Vuelvo al arranque.  “Cariño” suele ir acompañada de un gesto de rutina desprovisto de todo ídem, o de una entonación impaciente que roza el reproche: ¡cariñoooooooooo!

Luego está esa versión reducida,“cari”, tan cañí, tan de patio de vecinos, que adolece de cualquer sentimiento y te iguala con la Juani de la película. Un giro, digamos, poligonero que se ha extendido por todas las capas sociales y que puede evaporar toda la artillería erótica de un hombre (o una mujer) si se topa con la clásica neurótica que antes de fijarse en el perfume o las arrugas de la camisa escucha si la frase está bien compuesta, entonada y sin exceso de adverbios acabados en “mente”.

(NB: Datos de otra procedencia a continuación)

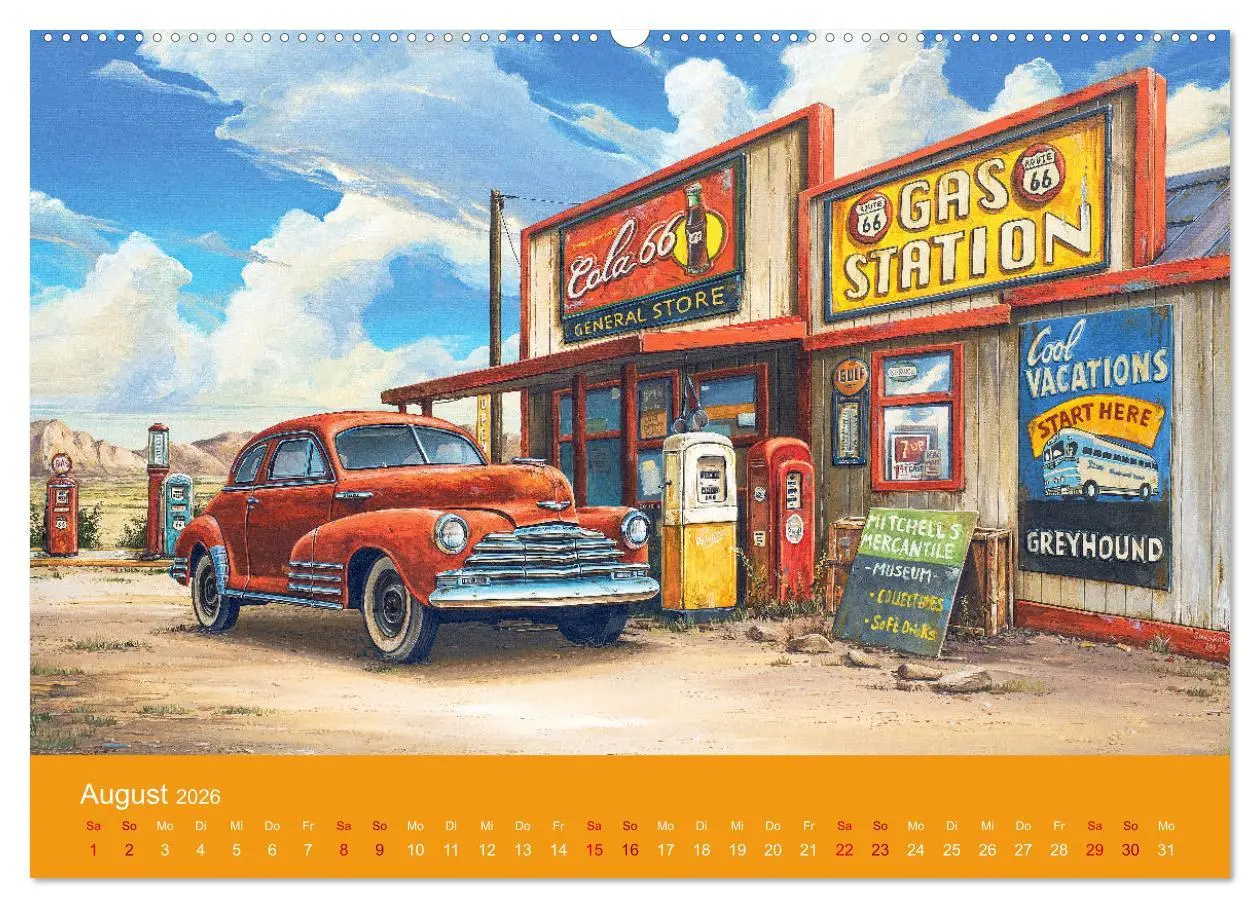 Bild: 9783457635704 | Route US 66 Momente Gemälde von Georg Huber (Wandkalender 2026 DIN...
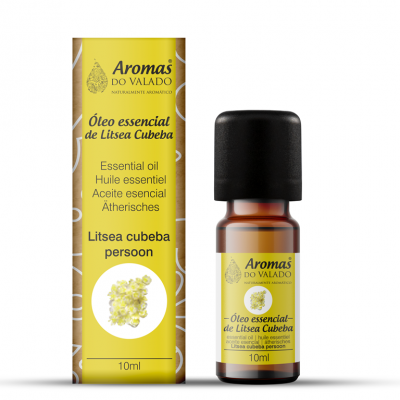 Frasco e caixa de óleo essencial Litsea Cubeba Aromas do Valado amarelos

Todo esto viene a que observo de un tiempo a esta parte el avance de la vulgaridad como una ola imparable. Nos igualan por abajo, como ya hizo la LOGSE en su día en el sistema educativo. Que nadie se traumtice, es la máxima. Todos somos “cari”, y en la moda urbana he hecho interesantes hallazgos que no me moriré sin compartir con vosotros:

Situación: barrio de Malasaña (pomposamente llamado TRIBALL para darle su charme y alimentar la sensación de exclusividad entre los gafapasteros). Paseo con mi adolescente una de esas tardes en que se muestra cariñosa y me engancha del brazo para que hablemos (ella, mayormente, sin parar y casi a gritos). Le muestro las tiendas de modernuquis, algún edificio de arquitectura molona y, por supuesto, a las lumis que se ganan la vida en las aceras. Sin molestar a nadie, integradas en el paisaje local.

-Mira, chukina, esas mujeres son prostitutas. ¡Qué calor deben estar pasando!
-Pero si van vestidas como mis amigas y yo cuando nos arreglamos… responde sin un ápice de humor, realmente sorprendida por el hallazgo.

Me entra la risa y el resto del paseo, al que se nos une Minichuki, lo pasan tratando de adivinar, como en la fábula, sin son galgos o podencos. La enana, que va de sobradilla, señala a un grupo de quinceañeras con tops repretones y short estilo cinturón venido a más y dice: “esas son putis, fijo, hermana. Van como tú…”

Las putas, por lo general, llaman “cariño” a sus clientes. Y lo encuentro irreprochable si te vas a acostar a un desconocido a cambio de pasta. El domingo pasado leí con avidez la entrevista del EPS a una puta de 52 años, guapa y con cuerpazo, que aseguraba que desde que se sacó la carrera de sociología había subido sus tarifas de 120 a 200 euros por servicio. Sus clientes apreciaban, imagino, la cultura, la posibilidad de hablar de fenómenos sociales y del crack de Bankia after polvo. Era, en su discurso, el ejemplo de profesional del sexo que defiende su trabajo con inteligencia. Me gustó ella, aprecié su discurso no apto para moralistas ni sacerdotes de la doble o triple moral.

Me sobrecogí cuando, al final del texto, el periodista relata que la mujer se echa de súbito a llorar.

Me pregunté quién la llamará “cariño” gratis. Cuando despida al último cliente en la puerta de ese piso con sofá rojo y visillos de organdí.